◆ Work instruction: Keep the pictures out while you transcribe the listing below exactly.

===== Data section

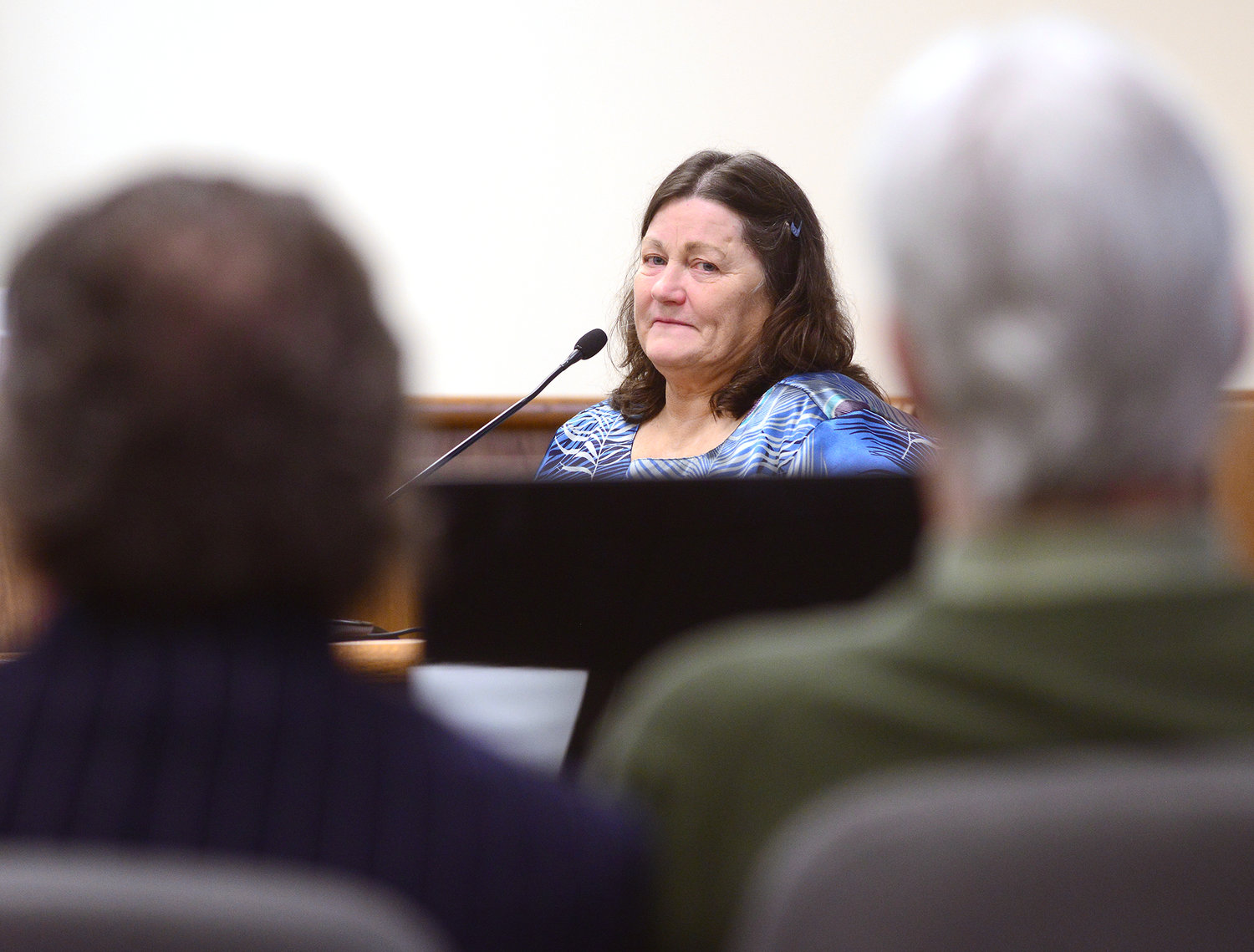 Deborah George looks over at Rick Riffe, right, and his defense attorney, John Crowley, during his testimony in Riffe's double-homicide trial in Lewis County Superior Court on Thursday afternoon at the Lewis County Law and Justice Center in Chehalis.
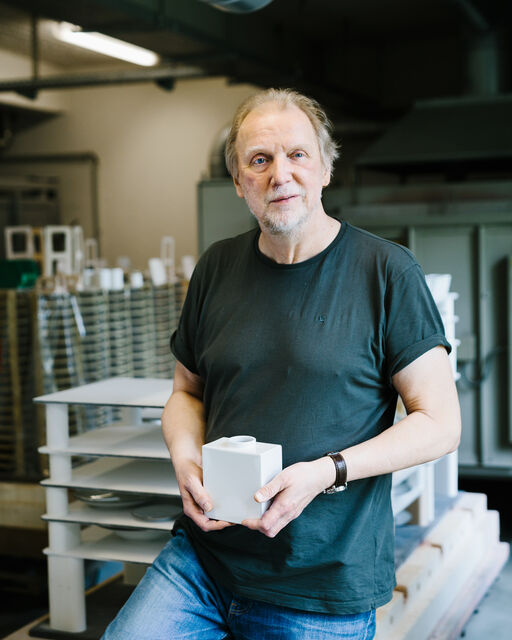 KPM-Mitarbeiter Bernhard Quapp mit einer weißen KPM CADRE Vase in Händen in der Werkstatt stehend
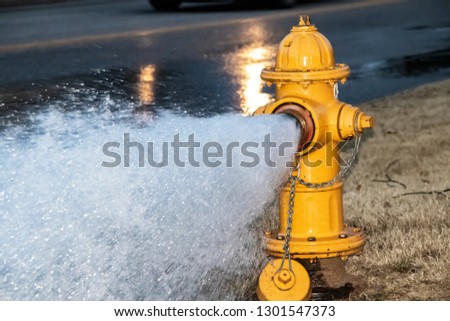 Close-up of yellow fire hydrant gushing water across a street with wet highway and tire from passing car behind Royalty-Free Stock Photo #1301547373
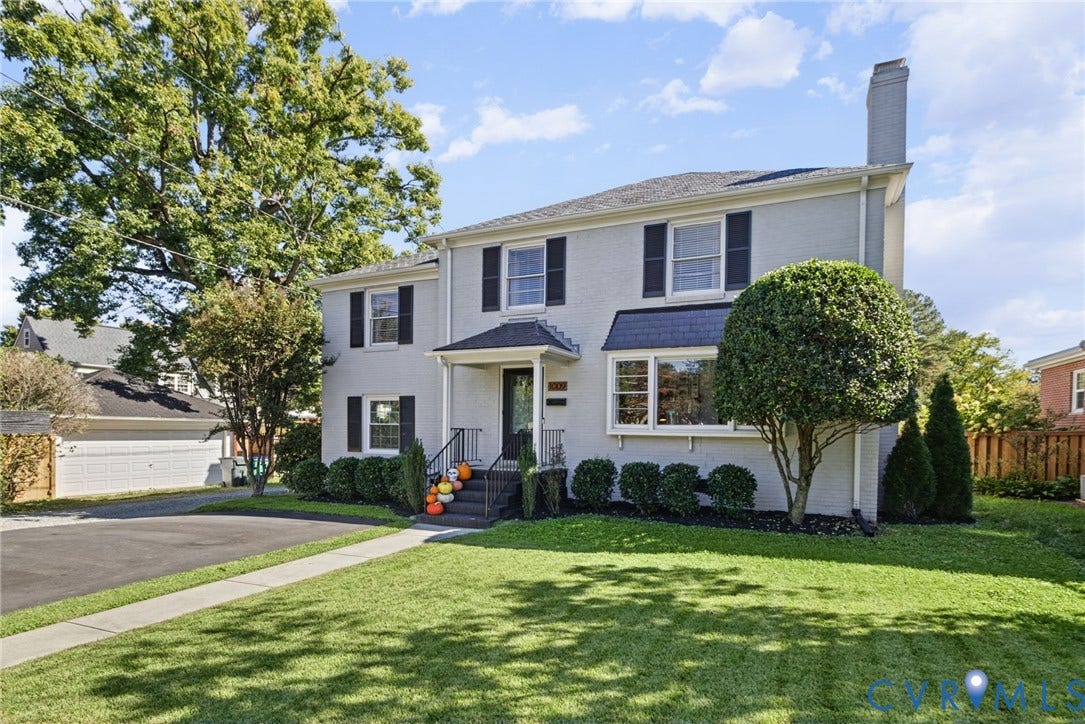 1009 Malvern Avenue, Malvern Gardens, Richmond, VA 23221 Two-story traditional exterior featuring light-toned brick masonry, black shutters, an asphalt shingle roof, a covered front entryway, and a paved driveway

==========

◆ Expected answer:
 Deborah George looks over at Rick Riffe, right, and his defense attorney, John Crowley, during his testimony in Riffe's double-homicide trial in Lewis County Superior Court on Thursday afternoon at the Lewis County Law and Justice Center in Chehalis.
 KPM-Mitarbeiter Bernhard Quapp mit einer weißen KPM CADRE Vase in Händen in der Werkstatt stehend
 Close-up of yellow fire hydrant gushing water across a street with wet highway and tire from passing car behind Royalty-Free Stock Photo #1301547373
 1009 Malvern Avenue, Malvern Gardens, Richmond, VA 23221 Two-story traditional exterior featuring light-toned brick masonry, black shutters, an asphalt shingle roof, a covered front entryway, and a paved driveway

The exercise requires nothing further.